Figure 3 shows the architecture of SODA. In particular, the components within the business layer communicate with those within the data layer through the Parser components and the Selenium APIs.
The data are acquired by the Parser component, which is responsible for interpreting the system input trying to understand the execution modes, and for sharing information of each user with the Face Recognition module. Moreover, the Parser invokes the Browser Connector module interface, which enables SODA to execute the local web browser. After which, it is necessary to interact with the web pages and extract information. To this end, SODA exploits the functionalities provided by Selenium. More specifically, to extract specific information on each social, we defined six modules, one for each social network on which we can access user profiles and extract their information. In particular, SODA crawlers search for a user by using the initial information read by the Parser module, and extract all the profile pictures of the users that match the search criteria. The list of pictures is sent to the Face Recognition component, which compares the image taken in input with those extracted from the social networks, in order to identify the correct subjects to be analysed. The list of identified subjects is shared with the crawling modules, which acquire all information of each profile, storing them locally. Finally, the Aggregator component receives all the data, and groups all the information extracted by the crawlers in a single file.
In this section, we present a single-social and a cross-social evaluation, aiming to investigate the sensitivity of the extrapolated data. In what follows, we describe the collected dataset, the two experimental sessions for evaluating the data of analysed users, and the performances of the proposed tool in terms of extrapolated attributes.

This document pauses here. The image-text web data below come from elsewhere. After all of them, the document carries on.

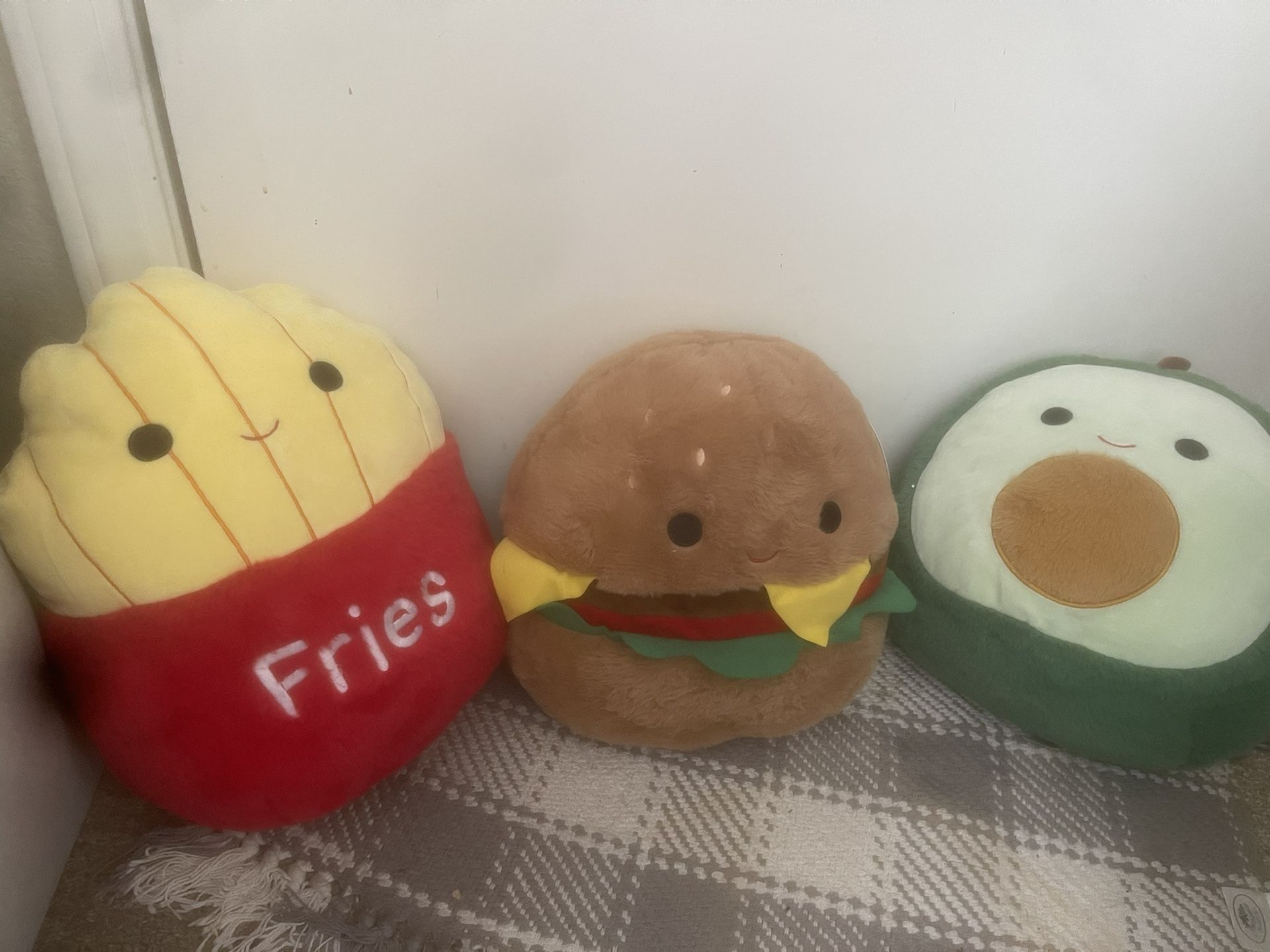 Set Of 3 Small Squishmellows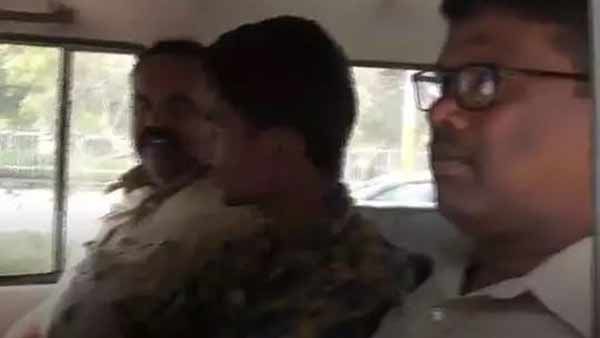 love story: నా గర్ల్ ఫ్రెండ్ కు మరో బాయ్ ఫ్రెండ్, కాలేజ్ లో లవర్ గొంతు కోసిన బాలక్రిష్ణ !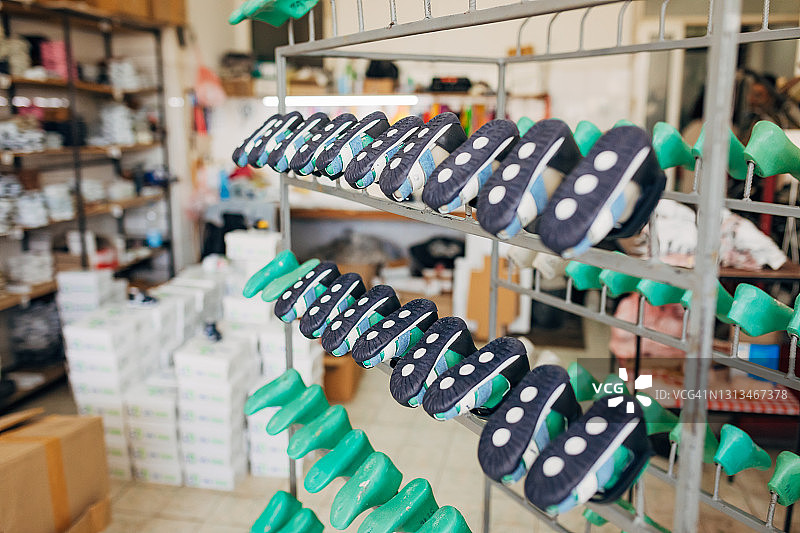 童鞋作坊里，塑料脚模上的童鞋，正在进行最后的拉伸工序图片素材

The experimental evaluation required the creation of a dataset of people by randomly extracting them from the web. In particular, all information is extracted by exploiting the crawler’s functionality. Since social network platforms have different templates for managing the user’s information, we implemented an ad-hoc crawler to interact with different web pages and extract only information characterizing the user. To this end, we have created a dataset containing photos and a few initial information concerning real users, e.g., name, surname, and/or company. The first operation for creating our dataset has been to select people from different parts of the world. In particular, we exploited the new feature of SODA enabling search people working for a specific company. To this end, we have randomly selected more than 100 international companies, from which SODA extracted more than 11,000 images of distinct users. The new data have been aggregated into a single structured file and were used to assess user privacy. It is worth noting that the initial version of the dataset only contained essential information for starting the execution of SODA, whereas all the other data have been added during its execution. Although the crawler modules try to maximize information extraction from the web, it might happen that some users do not share enough information, so that the associated tuples in the dataset will contain many null values. Moreover, some user images were not of satisfactory quality or did not show the face. For this reason, in the resulting dataset, we only stored a subset of users, i.e., those yielding zero or few null values. Thus, we have selected the data of 7000 users with their information, and these have been considered as initial data for our evaluation. After the execution of SODA, we retrieved data from 5000 users, i.e., users registered on at least one social network platform. For each of them, it was necessary to perform several operations to standardize the extracted data by removing incorrect values and cleaning information from outliers, e.g. special characters, and/or emoticons. Finally, all data with proper syntax have been inserted in the initial dataset, containing the information of each user already extracted for the search.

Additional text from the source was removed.